● **Exercise directions**: Please output exactly the lines below, starting at the line that has "CD29 (Integrin beta" and ending at the line that has "3 - Anti-STAM2 Antibody AP60637", both included; leave out all pictures and include nothing else.

● **Data extracts**:
BEGIN
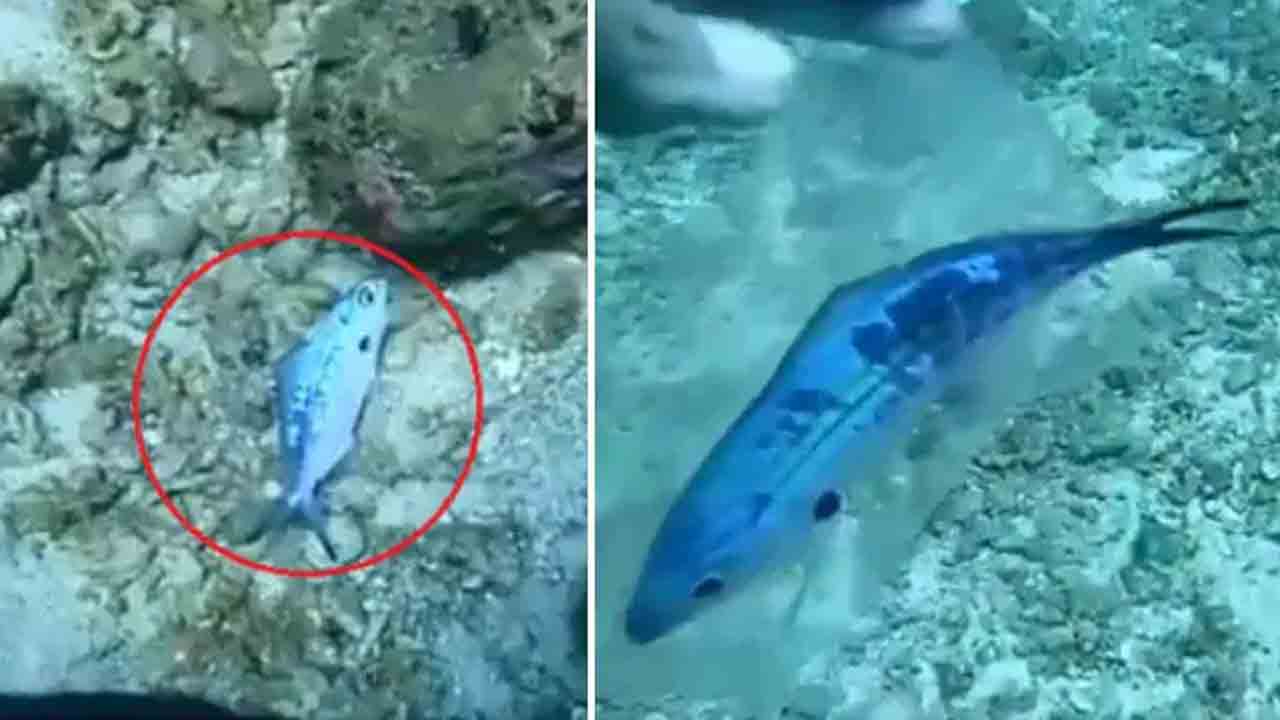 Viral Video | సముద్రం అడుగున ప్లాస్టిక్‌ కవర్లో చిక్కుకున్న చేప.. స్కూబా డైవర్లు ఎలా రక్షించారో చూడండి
END
BEGIN
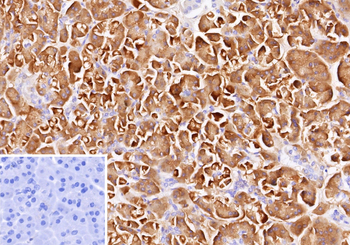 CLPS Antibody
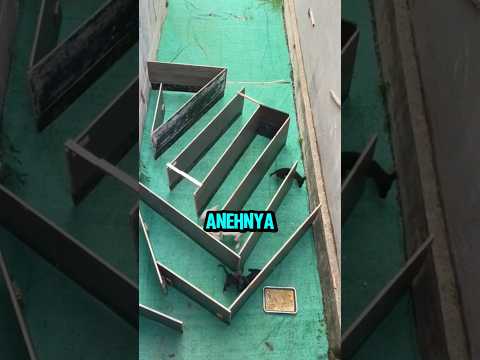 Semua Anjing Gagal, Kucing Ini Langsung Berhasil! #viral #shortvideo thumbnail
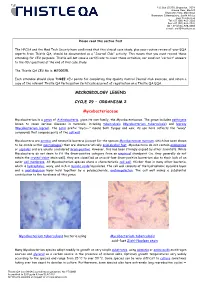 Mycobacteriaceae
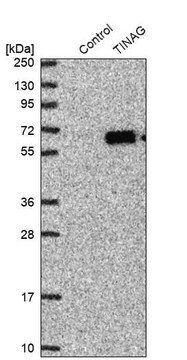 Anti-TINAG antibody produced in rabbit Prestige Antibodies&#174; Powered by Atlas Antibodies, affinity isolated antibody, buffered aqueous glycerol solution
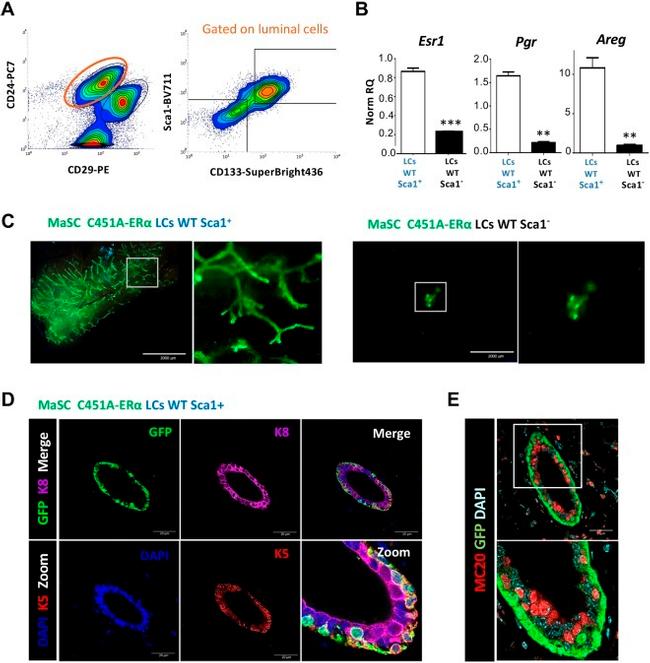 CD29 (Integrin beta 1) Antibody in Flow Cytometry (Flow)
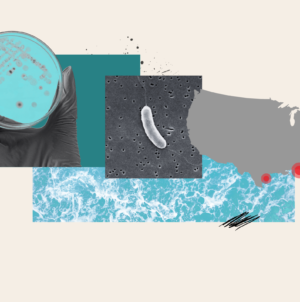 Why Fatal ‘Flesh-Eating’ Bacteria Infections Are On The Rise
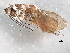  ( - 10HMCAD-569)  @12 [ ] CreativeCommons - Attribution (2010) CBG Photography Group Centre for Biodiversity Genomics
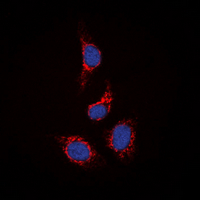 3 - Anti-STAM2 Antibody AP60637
END
● **Written response**:
 CD29 (Integrin beta 1) Antibody in Flow Cytometry (Flow)
 Why Fatal ‘Flesh-Eating’ Bacteria Infections Are On The Rise
  ( - 10HMCAD-569)  @12 [ ] CreativeCommons - Attribution (2010) CBG Photography Group Centre for Biodiversity Genomics
 3 - Anti-STAM2 Antibody AP60637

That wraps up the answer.